Benefits to community

Because it is an annual thing people will look forward to it, the community will surely benefit.

 

It is not about companies here alone, other companies in other states may decide to participate, or even companies outside Nigeria. Because we are in the world of the internet people do marketing via internet.

 

The summit intends to bring buyers and sellers together.

 

If Jumia is on the net and it is in Sango then people who have been wanting to deal with Jumia will ask questions and share their ideas.

 

A manufacturing company can do product sampling and erect hospitality tents for people to rejoice with them over certain things.

 

All that is part of what we intend to achieve.

 

 

Your person and business

I am a businessman and I have a deep background in the media.
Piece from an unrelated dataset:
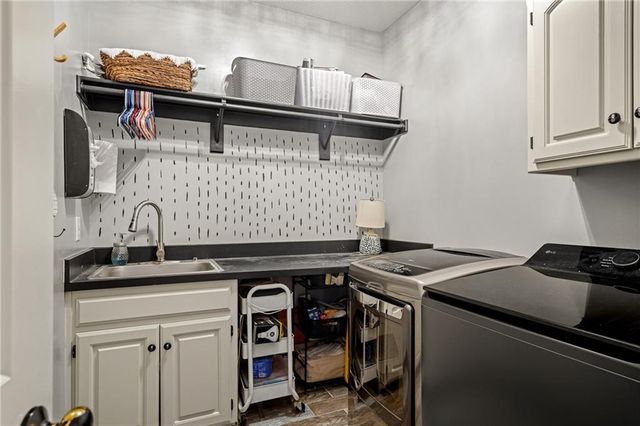 16102 Overbrook Lane, Stilwell, KS 66085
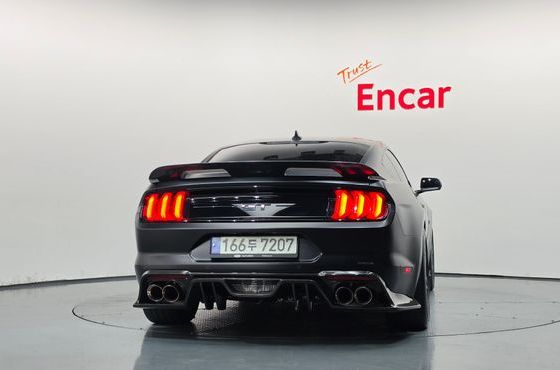 Ford Mustang GT Coupe — пробег 30 185 км — фото 4 из 5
I am also a script writer and an author of published books.

 

I have done the biographies of key individuals in this country. I did a research on teenagers and published a book on it; I used to have an organisation called “Teenager Rescue Alliance”.

 

I was keen on building teenagers because the teenage world is very vital to human development.

 

Today, I am a tourism expert and manage hotels and tourist outlets. We engage in leisure services, too. Golden Legacy Hotels and Leisure Services has a couple of hotels in Lagos, Abeokuta, Ibadan, and Asaba.

 

We manage them in the right perspective, create standards, and global practices. We encourage the ethics of hospitality management in all the hotels we manage.